> **Exercise goal**: Report each line from the records where the string "dari" turns up.

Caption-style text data
══════

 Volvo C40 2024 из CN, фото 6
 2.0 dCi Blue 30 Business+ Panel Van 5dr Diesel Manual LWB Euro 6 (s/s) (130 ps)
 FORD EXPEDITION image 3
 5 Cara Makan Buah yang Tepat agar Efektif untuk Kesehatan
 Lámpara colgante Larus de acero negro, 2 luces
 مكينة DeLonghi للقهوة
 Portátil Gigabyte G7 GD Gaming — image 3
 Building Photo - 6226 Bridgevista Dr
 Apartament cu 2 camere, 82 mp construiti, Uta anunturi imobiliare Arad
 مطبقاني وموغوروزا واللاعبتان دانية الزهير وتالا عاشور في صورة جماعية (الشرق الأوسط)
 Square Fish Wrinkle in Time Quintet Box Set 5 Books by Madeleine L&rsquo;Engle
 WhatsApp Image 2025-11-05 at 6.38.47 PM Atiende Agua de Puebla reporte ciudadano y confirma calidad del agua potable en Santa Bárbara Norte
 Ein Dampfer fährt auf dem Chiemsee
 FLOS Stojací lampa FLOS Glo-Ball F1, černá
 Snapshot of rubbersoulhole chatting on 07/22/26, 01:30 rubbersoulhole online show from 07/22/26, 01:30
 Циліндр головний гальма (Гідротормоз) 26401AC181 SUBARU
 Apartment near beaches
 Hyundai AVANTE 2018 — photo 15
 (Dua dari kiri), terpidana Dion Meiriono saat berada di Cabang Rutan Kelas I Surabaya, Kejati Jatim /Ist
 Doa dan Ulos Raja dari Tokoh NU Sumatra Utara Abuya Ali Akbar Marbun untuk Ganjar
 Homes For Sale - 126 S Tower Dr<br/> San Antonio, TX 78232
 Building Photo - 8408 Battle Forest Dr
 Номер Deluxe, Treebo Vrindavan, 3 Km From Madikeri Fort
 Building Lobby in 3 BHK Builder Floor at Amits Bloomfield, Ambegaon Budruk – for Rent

══════

> **Solution for this task**:
 (Dua dari kiri), terpidana Dion Meiriono saat berada di Cabang Rutan Kelas I Surabaya, Kejati Jatim /Ist
 Doa dan Ulos Raja dari Tokoh NU Sumatra Utara Abuya Ali Akbar Marbun untuk Ganjar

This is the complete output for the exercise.